Recognizing available devices
Python package dpctl
answers these questions. All the computational devices known to the
underlying DPC++ runtime can be accessed using dpctl.get_devices()
. A specific device of
interest can be selected either using a helper function,
e.g. dpctl.select_gpu_device()
, or by passing a filter selector string
to dpctl.SyclDevice
constructor.
import dpctl
# select a GPU device. If multiple devices present,
# let the underlying runtime select from GPUs
dev_gpu = dpctl.SyclDevice("gpu")
# select a CPU device
dev_cpu = dpctl.SyclDevice("cpu")
# stand-alone function, equivalent to C++
# `auto dev = sycl::gpu_selector().select_device();`
dev_gpu_alt = dpctl.select_gpu_device()
# stand-alone function, equivalent to C++
# `auto dev = sycl::cpu_selector().select_device();`
dev_cpu_alt = dpctl.select_cpu_device()
A device object can be used to query properies of the device, such as its name, vendor, maximal number of computational units, memory size, etc.
Specifying offload target
To answer the second question on the list we need a digression to explain offloading in oneAPI DPC++ first.
Offloading in oneAPI DPC++
In DPC++, a computation kernel can be specified using generic C++ programming and then the kernel can be offloaded to any device that is supported by an underlying SYCL runtime.

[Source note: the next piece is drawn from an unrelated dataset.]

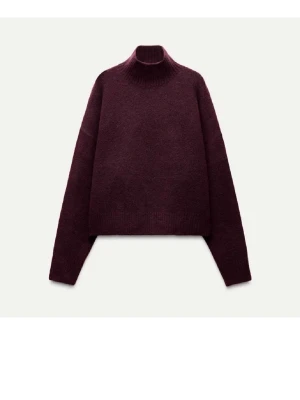 Vinröd stickad polotröja - Säljer nu min super fina och sköna vinröda stickade tröja från zara då den inte kommer till användning, nyskick och använd fåtal gånger! pris kan diskuteras💓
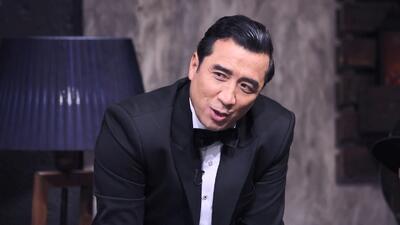 خداداد عزیزی: علی پروین به من گفت اگر می‌خواهی در پرسپولیس بازی کنی باید ۵۰۰ تومان بدهی (فیلم)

The device to which the kernel is offloaded is specified using an execution queue when launching the kernel.
The oneAPI unified programming model brings portability across heterogeneous architectures. Another important aspect of the programming model is its inherent flexibility that makes it possible to go beyond portability and even strive for performance portability. An oneAPI library may be implemented using C++ techniques such as template metaprogramming or dynamic polymorphism to implement specializations for a generic kernel. If a kernel is implemented polymorphically, the specialized implementation will be dispatched based on the execution queue specified during kernel launch. The oneMKL library is an example of a performance portable oneAPI library.
A computational task is offloaded for execution on a device by submitting it to DPC++ runtime which inserts the task in a computational graph. Once the device becomes available the runtime selects a task whose dependencies are met for execution. The computational graph as well as the device targeted by its tasks are stored in a SYCL queue object. The task submission is therefore always associated with a queue.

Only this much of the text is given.